Une rafale de tirs laser l'interrompt. L'homme n'y survit que grâce à ses réflexes, en se mettant à couvert derrière un pilier. Affolée, je m'accroupis derrière un chariot en me bouchant les oreilles. Quand le vacarme cesse, je me relève pour constater les dégâts : toutes les vitres de ce côté-ci du rez-de-chaussée ont explosé. La poussière me fait tousser et me pique les yeux. Des cris de panique retentissent dans la rue et une dizaine de personnes entrent dans le bâtiment en portant des blessés, marchant sur les bris de verre sans y accorder la moindre importance. La terreur se lit sur leurs visages. Sidérée, je reste quelques secondes à les observer avant de réagir. Je saisis Mei et un autre infirmier par les bras et les entraîne vers les nouveaux venus. Une femme hurle, le visage en sang. Elle tient dans ses bras un bébé silencieux. Je la rejoins en quelques enjambées.

— Suivez-moi madame, vous êtes en sécurité à présent. Je suis le docteur Lyna Ferrat, je vais m'occuper de vous et de votre bébé.
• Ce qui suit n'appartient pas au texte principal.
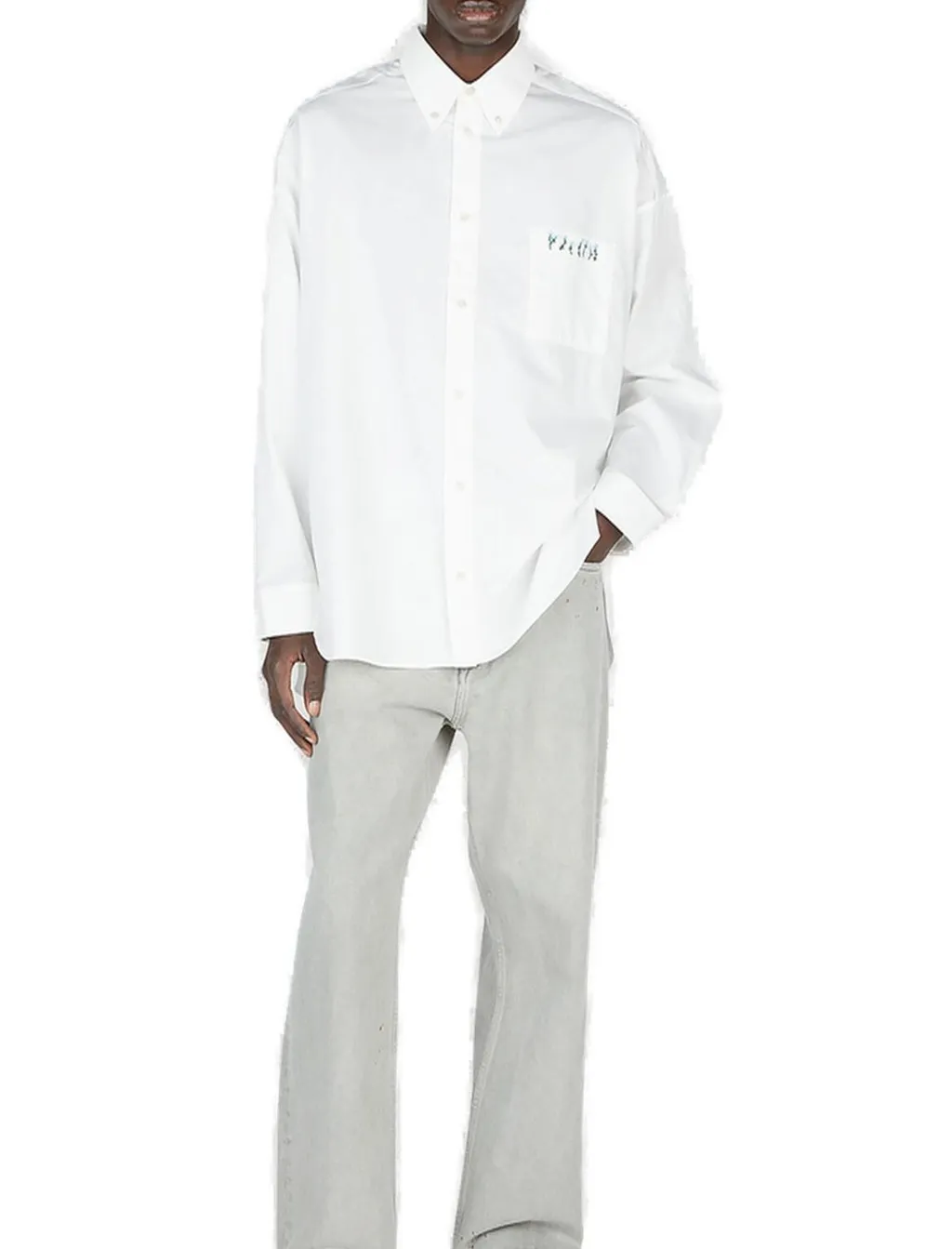 Diomene Classic Poplin Shirt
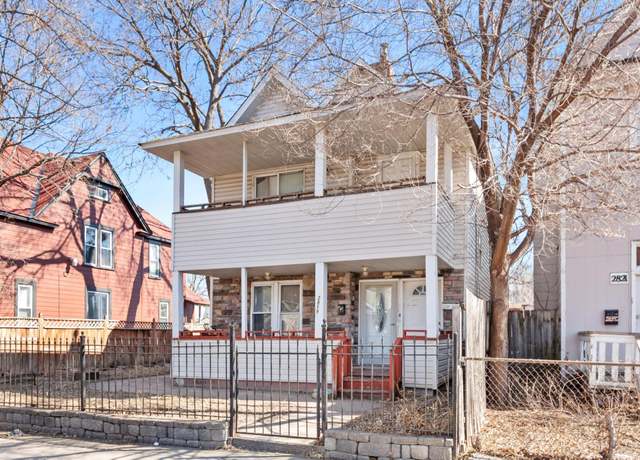 Property at 2819 Bloomington Ave S, Minneapolis, MN 55407, 4 beds, 2 baths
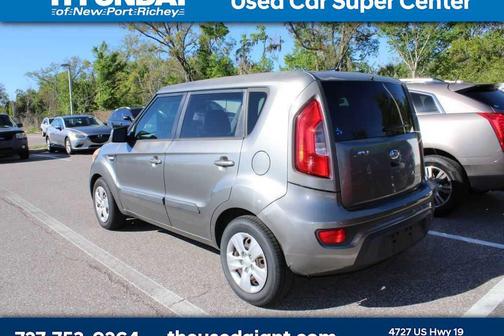 2013 Kia Soul Base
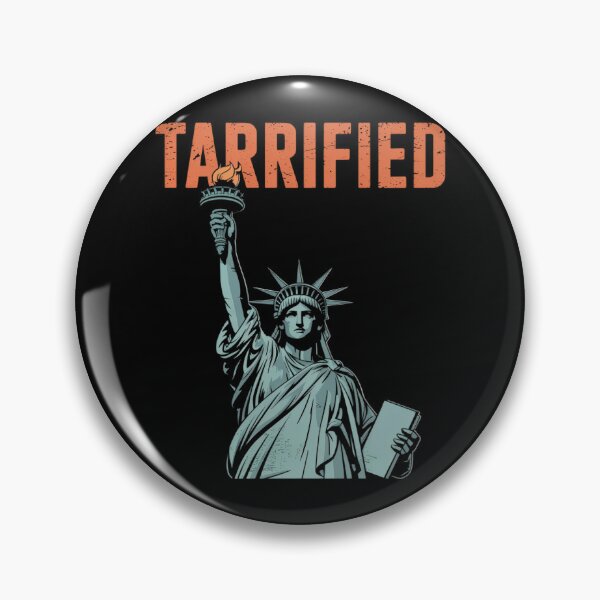 Item preview, Tarrified America 2025 Retro designed and sold by SunsetGlimpse.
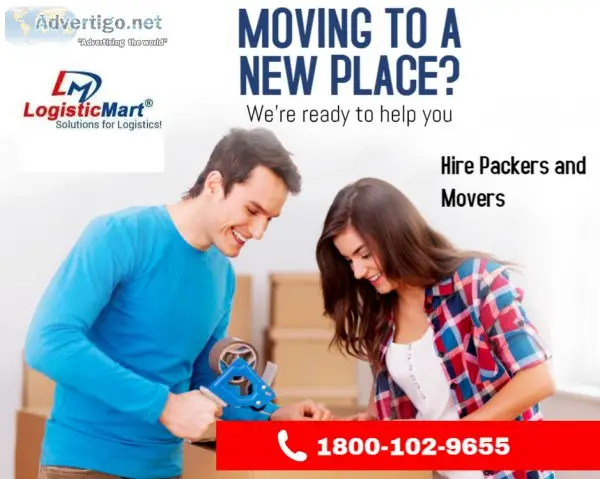Hire packers and movers in amritsar to move a new place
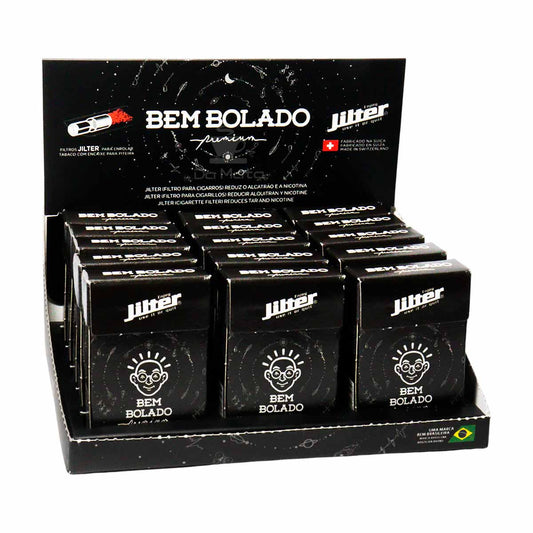 Bem bolado Jilter Filter Box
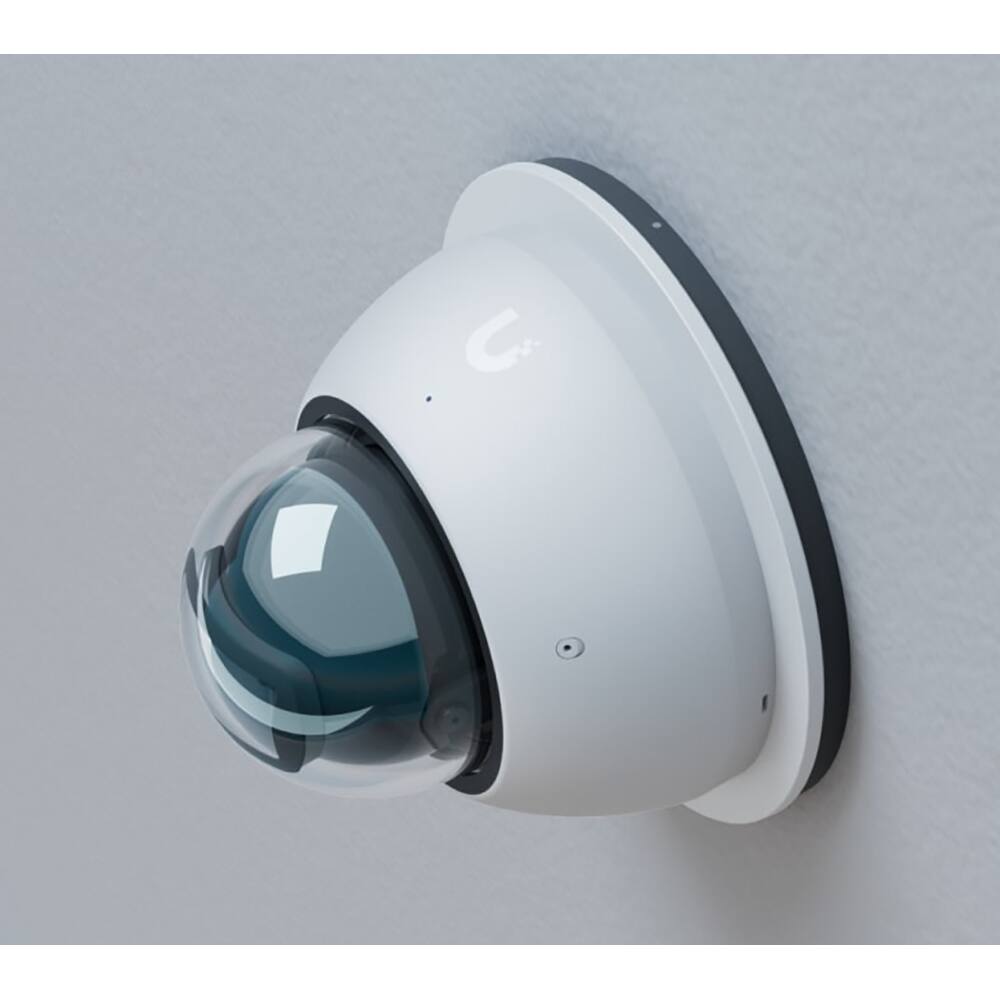 Alt View 3. Ubiquiti - Gang Box Mounting Plate UACC-GB-PLATE-W - White.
J'assois la blessée toujours gémissante et entreprends un examen rapide de son visage. Je détecte rapidement une entaille à la joue. Rien de mortel, mais elle aura une belle cicatrice. Examiner son bébé s'avère plus compliqué. La mère continue de geindre en le maintenant serré contre sa poitrine. J'ai peur qu'elle l'étouffe, et en même temps, l'absence de cris du nourrisson me fait penser au pire. Quand enfin je peux approcher le petit corps, mes affreux doutes se confirment : l'enfant sans vie a servi de bouclier involontaire à sa mère. Je bloque sur la petite tête apaisée de la jeune victime, puis reviens vers la mère dont les cris ne sont plus que de faibles râles. Je m'imagine à sa place, si j'avais accepté de fonder une famille avec Saïd. Je me sens submergée par tout un tas d'émotions négatives. Un homme me sort de ma torpeur en m'attrapant le poignet.

— Doc, je vous en prie ! C'est ma femme... elle saigne beaucoup.

Je passe une couverture sur les épaules de la mère éplorée avant de le suivre.